(Stored dataset items)
◇ ◇ ◇ ◇ ◇ ◇ ◇

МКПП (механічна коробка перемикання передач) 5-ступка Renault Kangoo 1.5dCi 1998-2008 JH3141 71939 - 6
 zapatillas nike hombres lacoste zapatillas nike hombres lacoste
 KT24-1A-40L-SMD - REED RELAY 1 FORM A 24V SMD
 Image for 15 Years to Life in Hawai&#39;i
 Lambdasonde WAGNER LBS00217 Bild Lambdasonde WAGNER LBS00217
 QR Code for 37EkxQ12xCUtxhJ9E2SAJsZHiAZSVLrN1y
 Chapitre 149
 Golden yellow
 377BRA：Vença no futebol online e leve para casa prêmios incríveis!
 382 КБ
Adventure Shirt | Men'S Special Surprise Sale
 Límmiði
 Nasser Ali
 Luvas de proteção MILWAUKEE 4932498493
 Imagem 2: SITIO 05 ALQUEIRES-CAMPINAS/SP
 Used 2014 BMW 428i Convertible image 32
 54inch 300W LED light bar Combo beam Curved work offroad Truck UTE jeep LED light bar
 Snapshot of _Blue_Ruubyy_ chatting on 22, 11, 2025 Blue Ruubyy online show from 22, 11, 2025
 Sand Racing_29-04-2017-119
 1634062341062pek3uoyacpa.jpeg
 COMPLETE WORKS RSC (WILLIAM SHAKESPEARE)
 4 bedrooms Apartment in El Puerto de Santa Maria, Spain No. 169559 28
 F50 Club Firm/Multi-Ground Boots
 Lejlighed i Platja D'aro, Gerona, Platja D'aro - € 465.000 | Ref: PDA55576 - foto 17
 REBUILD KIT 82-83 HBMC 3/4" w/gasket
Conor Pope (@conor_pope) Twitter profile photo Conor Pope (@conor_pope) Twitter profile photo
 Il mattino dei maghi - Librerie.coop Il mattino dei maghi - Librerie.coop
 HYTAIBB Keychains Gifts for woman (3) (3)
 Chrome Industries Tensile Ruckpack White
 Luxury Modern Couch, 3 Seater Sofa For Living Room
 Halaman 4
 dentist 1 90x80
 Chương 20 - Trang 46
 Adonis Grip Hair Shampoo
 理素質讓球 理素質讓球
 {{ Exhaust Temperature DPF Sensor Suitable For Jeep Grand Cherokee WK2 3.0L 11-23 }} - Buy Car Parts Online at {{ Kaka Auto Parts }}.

◇ ◇ ◇ ◇ ◇ ◇ ◇

Prompt. From the records above, reproduce exactly the lines from the one with "377BRA：Vença no futebol" to the one with "COMPLETE WORKS RSC (WILLIAM SHAKESPEARE)", both included, and no others.

Written response.
 377BRA：Vença no futebol online e leve para casa prêmios incríveis!
 382 КБ
Adventure Shirt | Men'S Special Surprise Sale
 Límmiði
 Nasser Ali
 Luvas de proteção MILWAUKEE 4932498493
 Imagem 2: SITIO 05 ALQUEIRES-CAMPINAS/SP
 Used 2014 BMW 428i Convertible image 32
 54inch 300W LED light bar Combo beam Curved work offroad Truck UTE jeep LED light bar
 Snapshot of _Blue_Ruubyy_ chatting on 22, 11, 2025 Blue Ruubyy online show from 22, 11, 2025
 Sand Racing_29-04-2017-119
 1634062341062pek3uoyacpa.jpeg
 COMPLETE WORKS RSC (WILLIAM SHAKESPEARE)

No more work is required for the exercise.